#### Supplied material
● ● ● ● ●

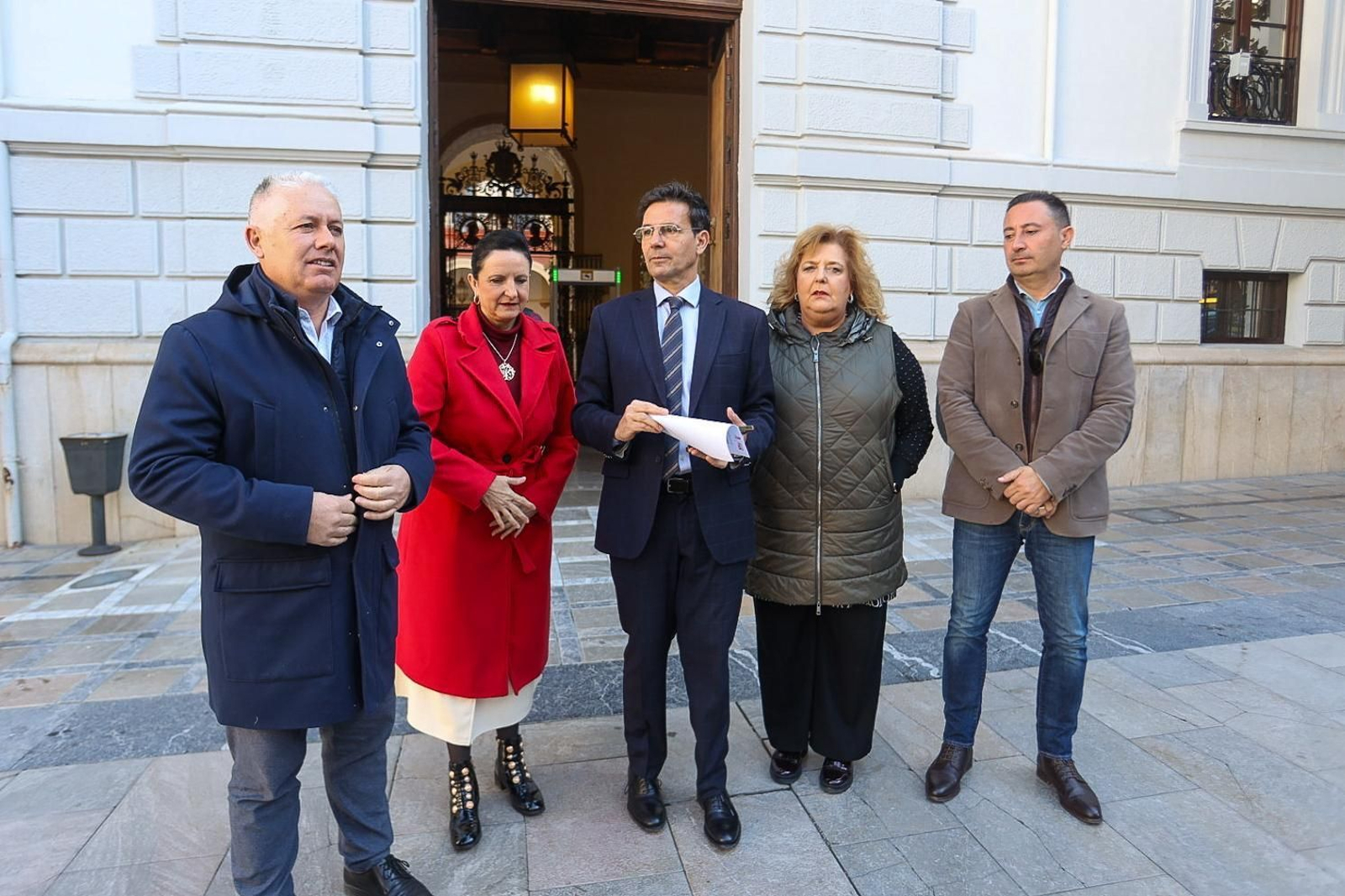 Miembros del PSOE a las puertas del Ayuntamiento de Granada.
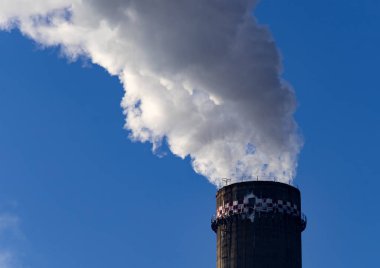Bükreş, Romanya - 15 Ocak 2021: Bükreş 'in güneyinde, CET Progresul enerji santralinin bacası, ısınma ve doğalgaz yangınlarından kaynaklanan dumanla kirlendi.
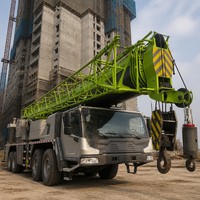 Grue sur camion ZTC1000V663 de 100 tonnes, unité d'occasion en stock pour les travaux de construction de bâtiments de grande hauteur et d'installation en usine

● ● ● ● ●

#### What is needed
Each line above should be output exactly, apart from the pictures.

#### Your solution
 Miembros del PSOE a las puertas del Ayuntamiento de Granada.
Bükreş, Romanya - 15 Ocak 2021: Bükreş 'in güneyinde, CET Progresul enerji santralinin bacası, ısınma ve doğalgaz yangınlarından kaynaklanan dumanla kirlendi.
 Grue sur camion ZTC1000V663 de 100 tonnes, unité d'occasion en stock pour les travaux de construction de bâtiments de grande hauteur et d'installation en usine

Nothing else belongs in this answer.